Gemeinschaftliches Gegenhandeln gegen asymmetrische Bedrohungen ist aus Sicht von Kanzlerin Merkel zwingend geboten. Das Gegenhandeln müsse dort erfolgen, wo die Bedrohungen für Deutschland entsprängen. Laut Merkel gelte es, „den Gefahren für das Recht, die Sicherheit und die Freiheit unseres Landes dort zu begegnen, wo sie entstehen“ (Bulletin 2010c). Daraus ergibt sich laut Merkel eine veränderte Aufgabenstellung für die deutschen Streitkräfte. Das Schlagwort lautet „Auslandseinsätze“, mittels derer die Bundeswehr im veränderten sicherheitspolitischen Kontext ihren Beitrag zum Schutz Deutschlands leiste:

Diese Einsätze, obgleich weit entfernt von zu Hause, dienen unseren nationalen Sicherheitsinteressen. Dies, den nationalen Sicherheitsinteressen weit entfernt von der Heimat zu dienen, ist eine Aufgabe, die wir heute haben, die neu ist, die es viele Jahrzehnte lang so nicht gab und die uns noch viele Jahre durch das 21. Jahrhundert begleiten wird. [¼] Für mich gibt es keinen Zweifel: Das Wohlergehen von uns allen und das politische und wirtschaftliche Gewicht unseres Landes hängen wesentlich von Frieden, Stabilität und Freiheit ab, und dies in einer zusammenwachsenden Welt mehr denn je. Dies verändert eben auch die Aufgaben der Bundeswehr. (Bulletin 2009b)
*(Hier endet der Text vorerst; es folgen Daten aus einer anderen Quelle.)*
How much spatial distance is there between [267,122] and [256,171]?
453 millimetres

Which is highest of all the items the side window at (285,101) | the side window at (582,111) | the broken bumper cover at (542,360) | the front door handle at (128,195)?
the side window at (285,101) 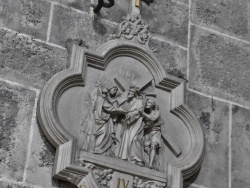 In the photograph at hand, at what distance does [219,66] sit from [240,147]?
2.89ft

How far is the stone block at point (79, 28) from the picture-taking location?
257 inches

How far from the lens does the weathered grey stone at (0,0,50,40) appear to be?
6.35 metres

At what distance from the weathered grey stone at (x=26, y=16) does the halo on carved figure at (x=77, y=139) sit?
37cm

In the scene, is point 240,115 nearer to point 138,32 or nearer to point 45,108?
point 138,32

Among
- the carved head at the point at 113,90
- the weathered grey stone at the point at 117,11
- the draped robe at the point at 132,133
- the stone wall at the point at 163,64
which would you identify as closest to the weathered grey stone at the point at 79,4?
the stone wall at the point at 163,64

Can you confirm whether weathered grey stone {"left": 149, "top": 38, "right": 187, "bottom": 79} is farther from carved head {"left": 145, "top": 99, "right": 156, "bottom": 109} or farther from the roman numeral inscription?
the roman numeral inscription

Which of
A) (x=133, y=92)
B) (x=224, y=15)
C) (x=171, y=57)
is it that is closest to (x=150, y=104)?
(x=133, y=92)

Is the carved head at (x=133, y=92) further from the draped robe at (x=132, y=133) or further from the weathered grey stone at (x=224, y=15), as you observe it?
the weathered grey stone at (x=224, y=15)

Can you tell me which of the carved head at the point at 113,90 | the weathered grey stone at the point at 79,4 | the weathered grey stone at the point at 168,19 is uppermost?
the weathered grey stone at the point at 168,19

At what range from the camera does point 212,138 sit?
6.96m

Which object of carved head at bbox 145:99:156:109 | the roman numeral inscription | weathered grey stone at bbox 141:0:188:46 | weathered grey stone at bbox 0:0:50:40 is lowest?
the roman numeral inscription

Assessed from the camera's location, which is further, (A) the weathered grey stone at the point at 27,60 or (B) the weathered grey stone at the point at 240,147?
(B) the weathered grey stone at the point at 240,147

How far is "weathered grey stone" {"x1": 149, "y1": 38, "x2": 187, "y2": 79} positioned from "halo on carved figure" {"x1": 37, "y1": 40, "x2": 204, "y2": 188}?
143 millimetres

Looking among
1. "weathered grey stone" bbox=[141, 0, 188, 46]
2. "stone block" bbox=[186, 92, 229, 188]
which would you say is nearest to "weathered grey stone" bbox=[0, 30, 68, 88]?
"weathered grey stone" bbox=[141, 0, 188, 46] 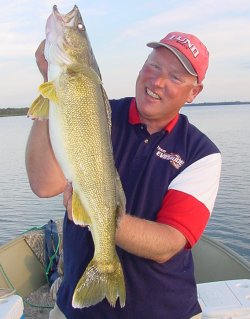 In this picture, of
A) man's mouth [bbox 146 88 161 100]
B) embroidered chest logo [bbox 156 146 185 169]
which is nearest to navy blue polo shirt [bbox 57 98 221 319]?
embroidered chest logo [bbox 156 146 185 169]

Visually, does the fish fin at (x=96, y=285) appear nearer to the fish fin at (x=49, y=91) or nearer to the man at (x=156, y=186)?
the man at (x=156, y=186)

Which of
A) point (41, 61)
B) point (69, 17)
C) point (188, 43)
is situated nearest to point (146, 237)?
point (41, 61)

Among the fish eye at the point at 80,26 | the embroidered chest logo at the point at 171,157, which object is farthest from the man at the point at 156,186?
the fish eye at the point at 80,26

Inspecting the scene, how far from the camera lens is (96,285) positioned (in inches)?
107

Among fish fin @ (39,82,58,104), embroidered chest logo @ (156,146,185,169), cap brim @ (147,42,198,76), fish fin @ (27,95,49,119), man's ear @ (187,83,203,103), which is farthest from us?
man's ear @ (187,83,203,103)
Der Einsatz der Bundeswehr in Afghanistan fügt sich bei Merkel in die veränderte Aufgabenstellung der Bundeswehr ein, welche darin bestünde, die Sicherheit Deutschlands durch Einsätze jenseits der Landesgrenzen zu gewährleisten: „Niemand täusche sich: Die Folgen von Nichthandeln werden uns genauso zugerechnet wie die Folgen von Handeln. Das sollte jeder bedenken, der ein Zurseitetreten Deutschlands bei der Bekämpfung des internationalen Terrorismus auch und gerade in Afghanistan fordert“ (Bulletin 2009c). Die Kanzlerin verweist mit Blick auf Afghanistan ausdrücklich auf den asymmetrischen Charakter – und somit die Neuartigkeit oder zumindest Besonderheit – der Auseinandersetzung:

Wir müssen sagen, dass sich unsere Soldaten in einer Auseinandersetzung, in einem Kampf mit einem oft unsichtbaren Gegner befinden. Sie haben es mit einer Gefahr zu tun, die etwas anderes ist als das, was wir bisher erlebt haben. Genau auf diese Herausforderung müssen sie vorbereitet sein. Es ist eine asymmetrische Auseinandersetzung und deshalb eine völlig neue Qualität der Auseinandersetzung. (Bulletin 2008c)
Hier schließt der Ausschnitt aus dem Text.